Global Minimum Corporate Tax

Global Minimum Corporate Tax

Global Minimum Corporate Tax

The article talks about how the Global Minimum Corporate Tax impacts the Indian Economy 

Relevance for Prelims: Treaty Shopping, Round Tripping

Relevance for Mains: OECD Regulations, Impact of Minimum Corporation Tax

Context: Members of the European Union agreed in principle to implement a minimum tax of 15% on big businesses.

About Global Minimum Corporate Tax

Global Minimum Corporate Tax is tailored to address the low-effective rates of tax shelled out by some of the world’s biggest corporations, such as Apple, Microsoft, Meta, and Alphabet.

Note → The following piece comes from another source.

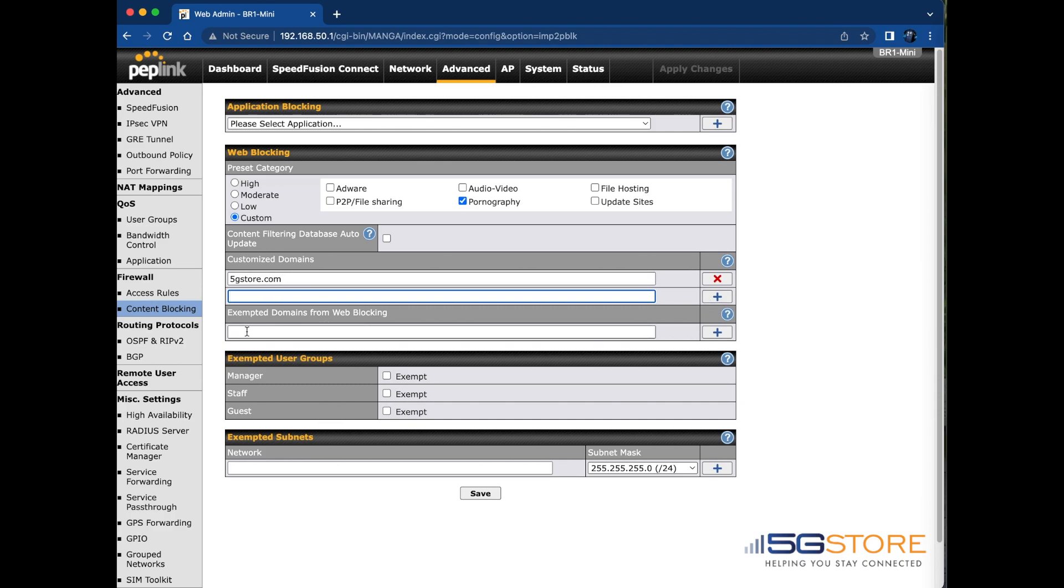If any domains should be exempt from these web blocking rules, enter them here as needed and click the plus sign. The last two sections are for networks or subnets that should be exempt from all these rules. You can set per user group or specific subnets.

The majority of Global companies rely on web subsidiaries to move profits from major markets to know-tax countries (also known as Tax havens) such as the Bahamas, and the Panama Islands.

The OECD has proposed a two-pillared solution that would apply to overseas profits of multinational firms with $868 million in sales globally.

  • Pillar 1 sets out the Minimum taxes and tax rules for companies that shift their tax jurisdictions. Governments could set local corporate taxes to eliminate the advantage of shifting profits.

Pillar 2 allows countries where revenues are earned to tax 25% of the largest multi-nationals-so called excess profit which is defined as a profit of more than 10% of revenue.



Global Minimum Corporate Tax

Pic: Global Minimum Corporation Tax

Need for the Corporate tax

  • Mobilization of resources: Economies strained after the COVID-19 crisis has led many governments to want more than ever to discourage multinationals from shifting profits and tax revenues to low-tax jurisdictions regardless of the location of sales are made.
  • Apply brake on diversion of funds to tax heaven: Income from software and royalties has migrated to tax heavens, allowing companies to avoid paying higher taxes in traditional home countries.

Associated concerns with Global Minimum Corporate tax

  • Violation of sovereignty: Rights of countries are violated if a nation’s tax policies are subjected to global institutional norms.
  • Effectiveness: Many organizations such as Oxfam said the deal would not end inequality and tax havens.
  • Tax Competition: Critics of the OECD’s proposal, however, see the global minimum tax as a threat. They argue that without tax competition between governments, the world would be taxed a lot more than it is today, thus adversely affecting global economic growth.